Work order
A verbatim copy of the full data, with no pictures, is the expected answer.

══ Source data

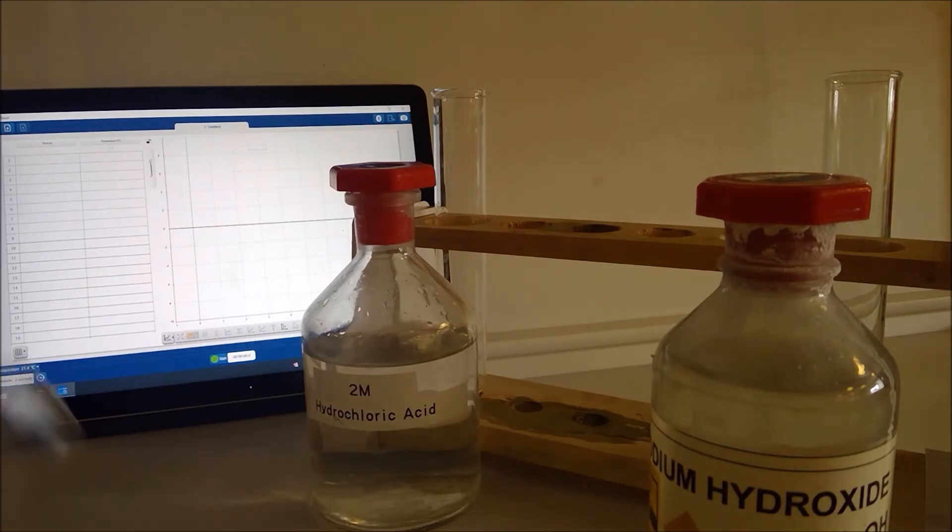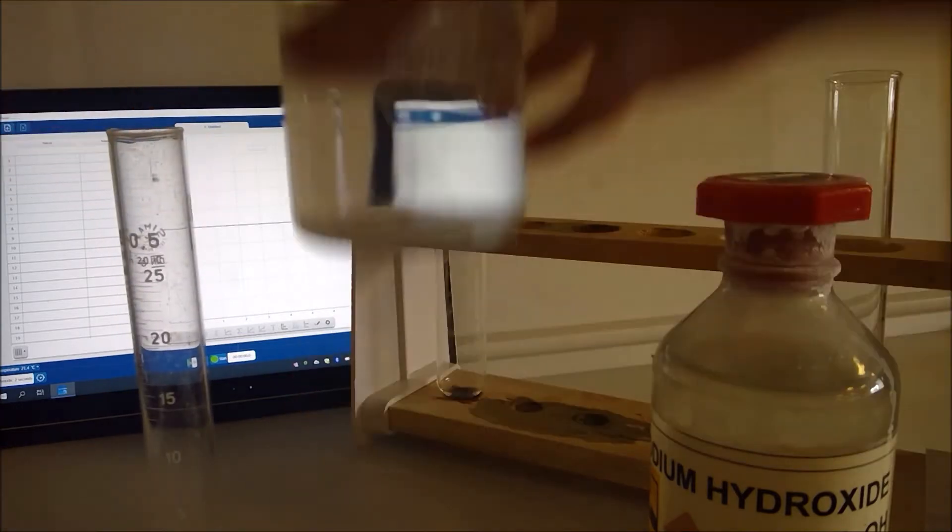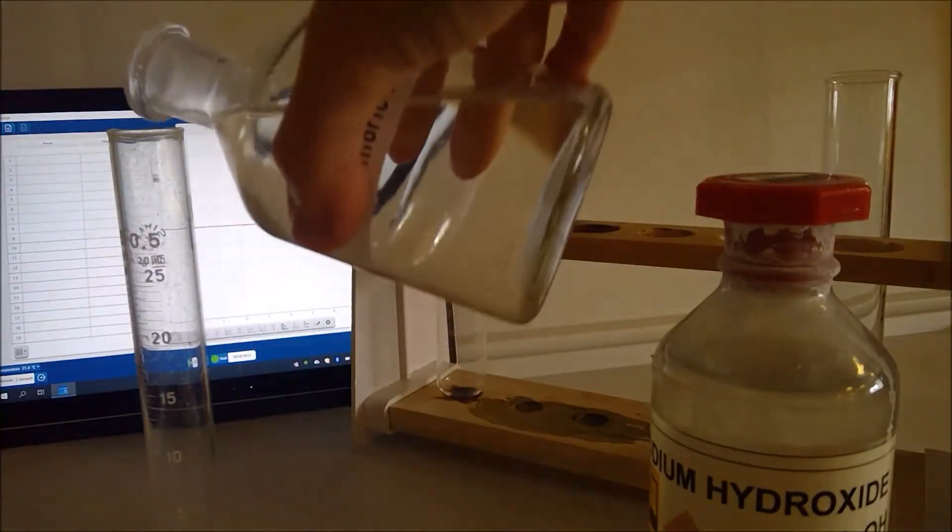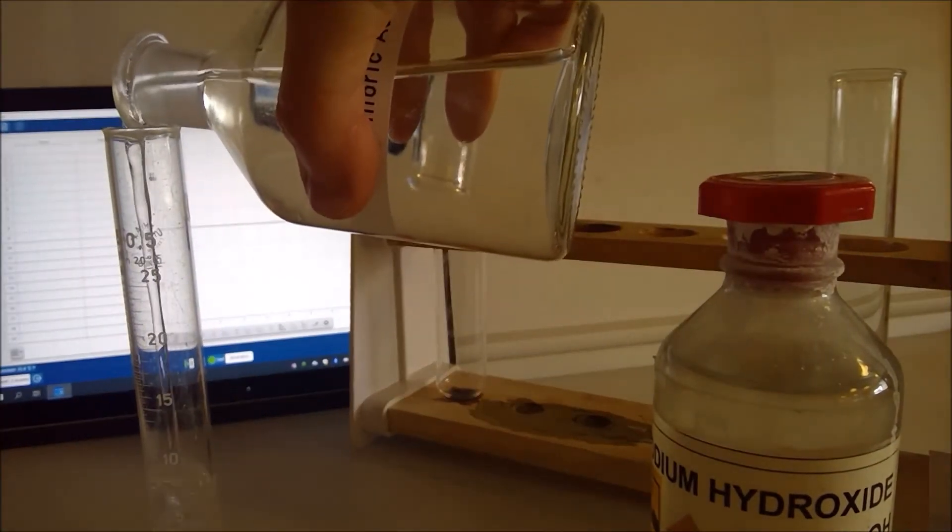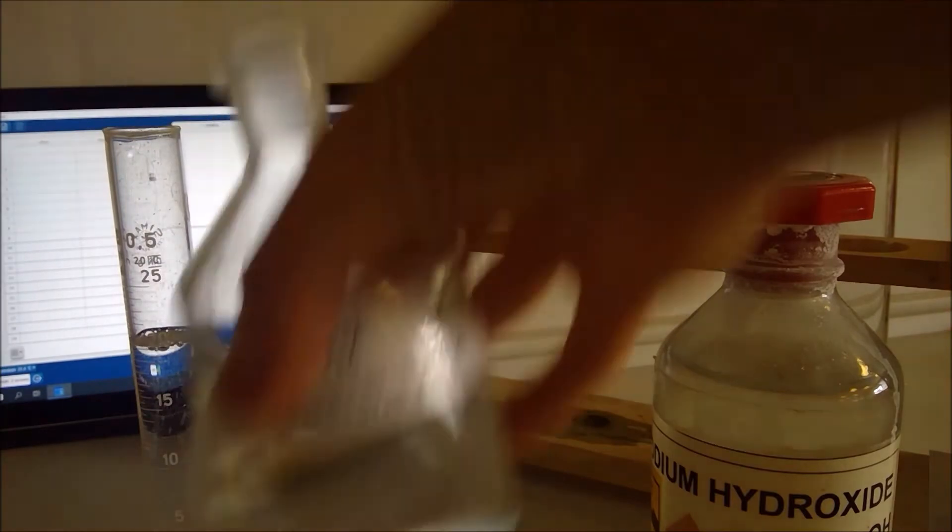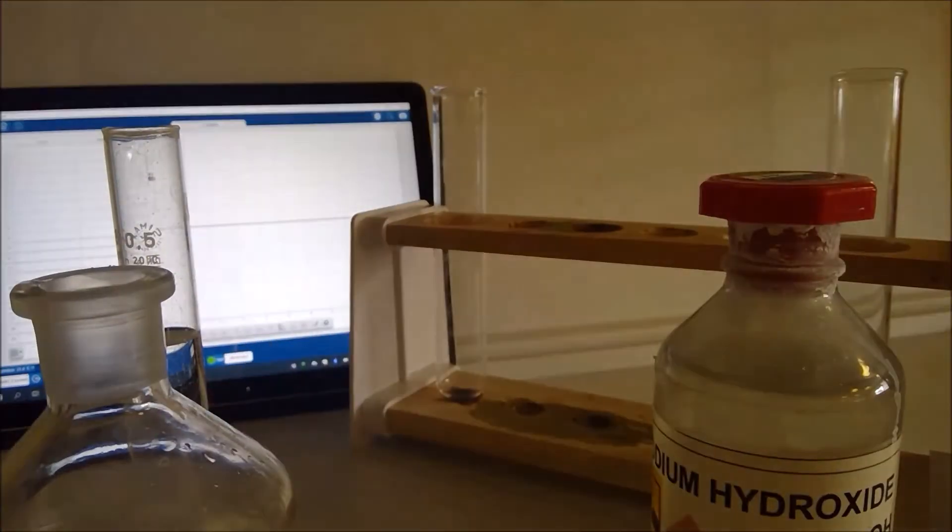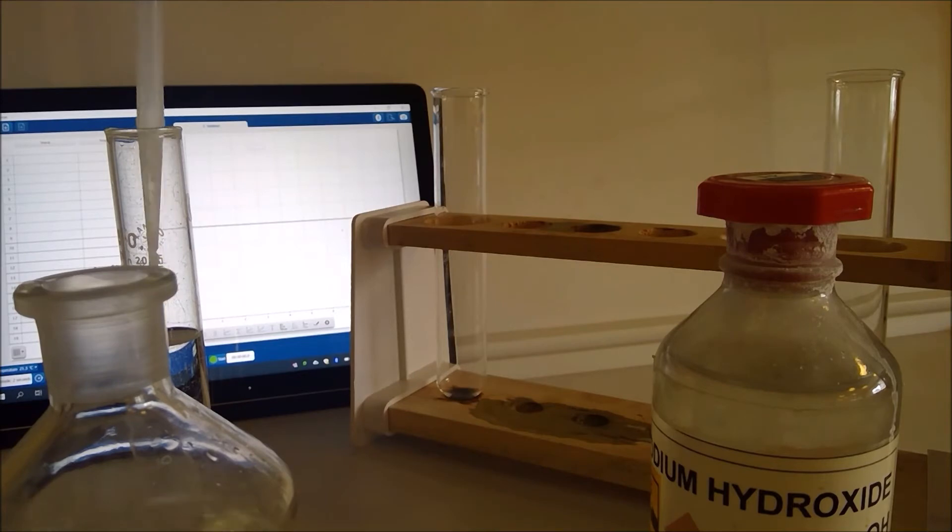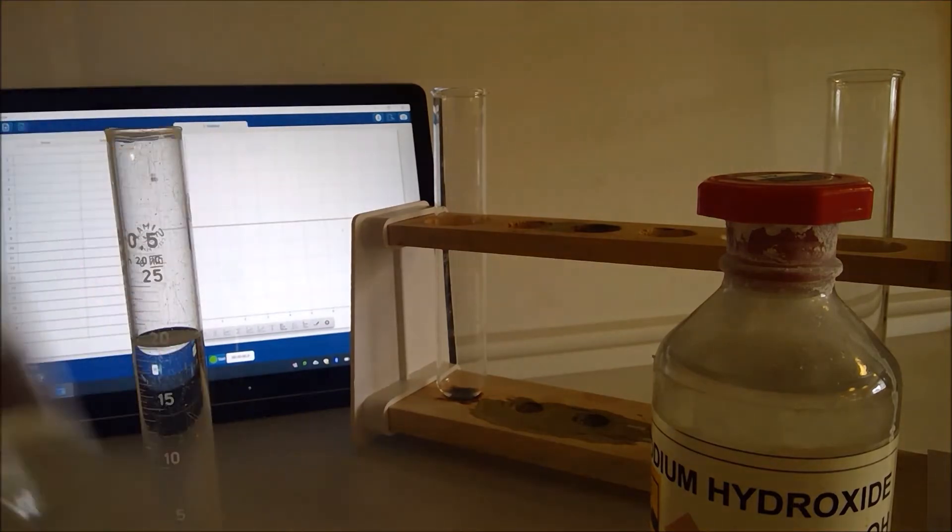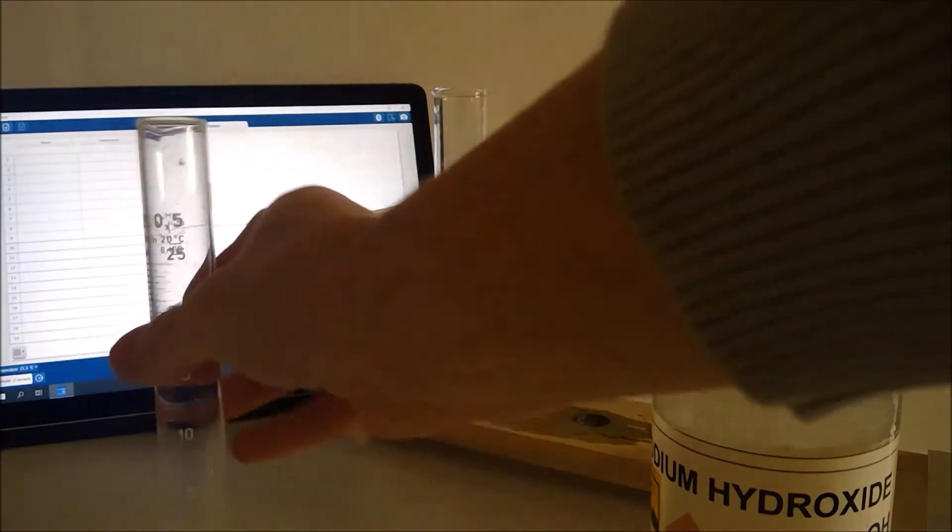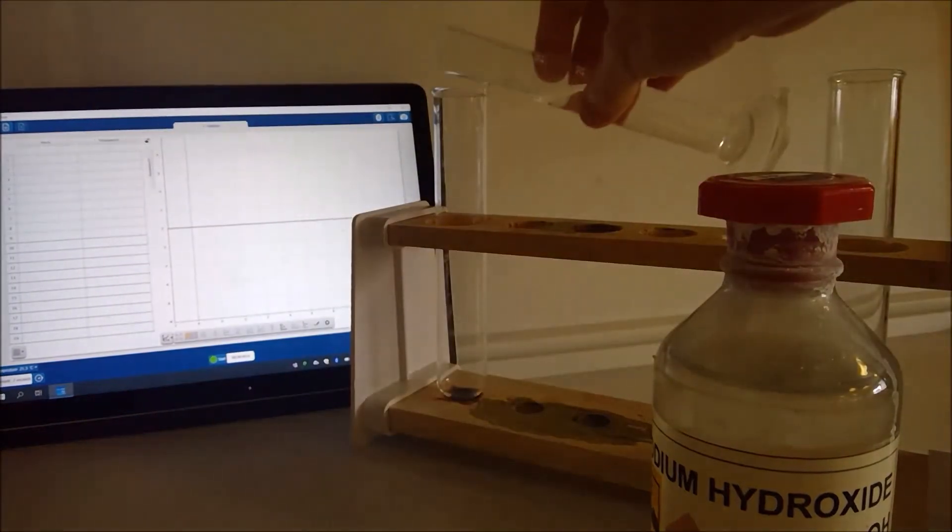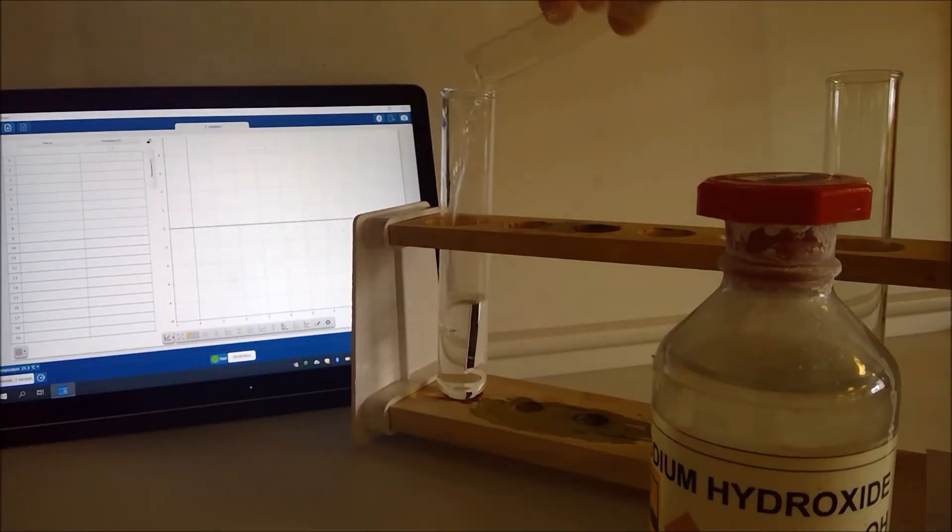So I need to measure out first of all 20 centimeters cubed of hydrochloric acid. I'm just going to use my dropper pipette to make sure we've got exactly the right amount there and I'm going to pour that into the first of my boiling tubes here.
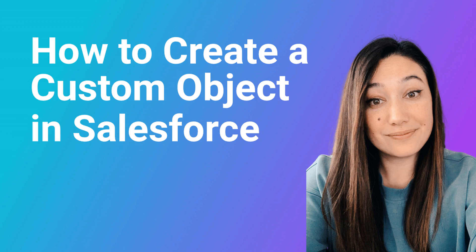Hi, my name is Lauren and I'm a consultant here at Rodev. Today I'm going to show you how to create a custom object within Salesforce.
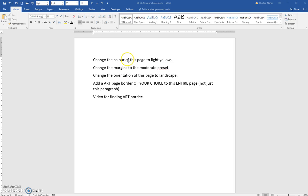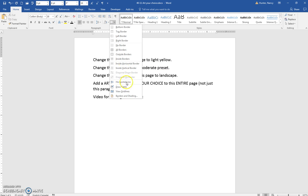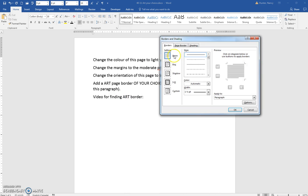Change the color using the Design tab, change the margins using the Layout tab, change the orientation with the Layout tab. For the art border, you can access it from here, but then you need to remember to change to page border.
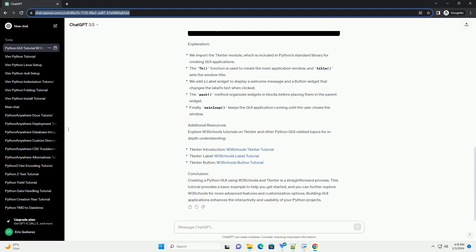Explore W3Schools tutorials on tkinter and other Python GUI-related topics for in-depth understanding.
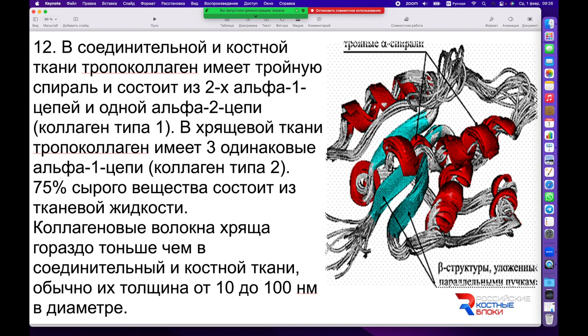Пучки коллагеновых волокон имеют несколько субъединиц и представлены в случае плотной соединительной ткани, костной и хрящевой ткани различными комбинациями. В соединительной и костной ткани тропоколлаген, то есть предшественник — более простая субъединица коллагенового волокна — имеет тройную спираль, представленную субъединицами альфа, которые составляют основную часть и обеспечивают функции каркаса.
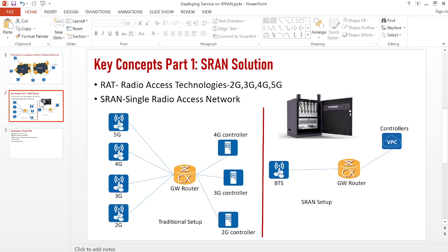With separate connections, you need five connections — four from the radio equipment to the router — consuming four ports on the router acting as the gateway. On the controller end, you also had connections for the 2G controller, 3G controller, and 4G controller, all on physical hardware installed at your site. This setup has been phased out and replaced with the SRAN solution — the Single Radio Access Network — where service providers can have one hardware serving all these purposes.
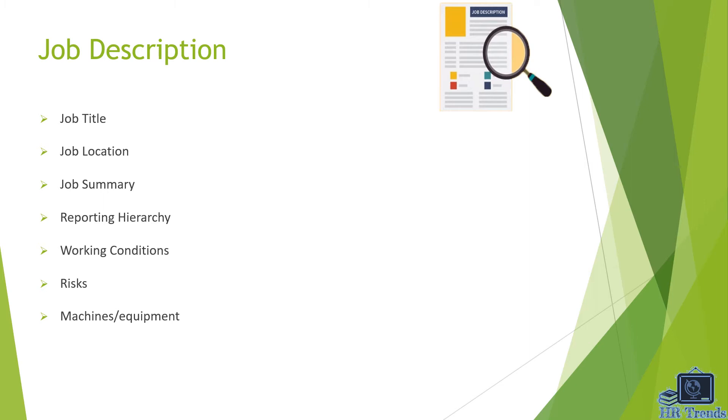The third one is job summary. The job summary defines a brief introduction of the job. The next one is reporting hierarchy. Reporting hierarchy means to whom you will be reporting, for example reporting to regional manager directly.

════

Answer to this task
So I need to measure out first of all 20 centimeters cubed of hydrochloric acid. I'm just going to use my dropper pipette to make sure we've got exactly the right amount there and I'm going to pour that into the first of my boiling tubes here.
Hi, my name is Lauren and I'm a consultant here at Rodev. Today I'm going to show you how to create a custom object within Salesforce.
Change the color using the Design tab, change the margins using the Layout tab, change the orientation with the Layout tab. For the art border, you can access it from here, but then you need to remember to change to page border.
Explore W3Schools tutorials on tkinter and other Python GUI-related topics for in-depth understanding.
Пучки коллагеновых волокон имеют несколько субъединиц и представлены в случае плотной соединительной ткани, костной и хрящевой ткани различными комбинациями. В соединительной и костной ткани тропоколлаген, то есть предшественник — более простая субъединица коллагенового волокна — имеет тройную спираль, представленную субъединицами альфа, которые составляют основную часть и обеспечивают функции каркаса.
With separate connections, you need five connections — four from the radio equipment to the router — consuming four ports on the router acting as the gateway. On the controller end, you also had connections for the 2G controller, 3G controller, and 4G controller, all on physical hardware installed at your site. This setup has been phased out and replaced with the SRAN solution — the Single Radio Access Network — where service providers can have one hardware serving all these purposes.
The third one is job summary. The job summary defines a brief introduction of the job. The next one is reporting hierarchy. Reporting hierarchy means to whom you will be reporting, for example reporting to regional manager directly.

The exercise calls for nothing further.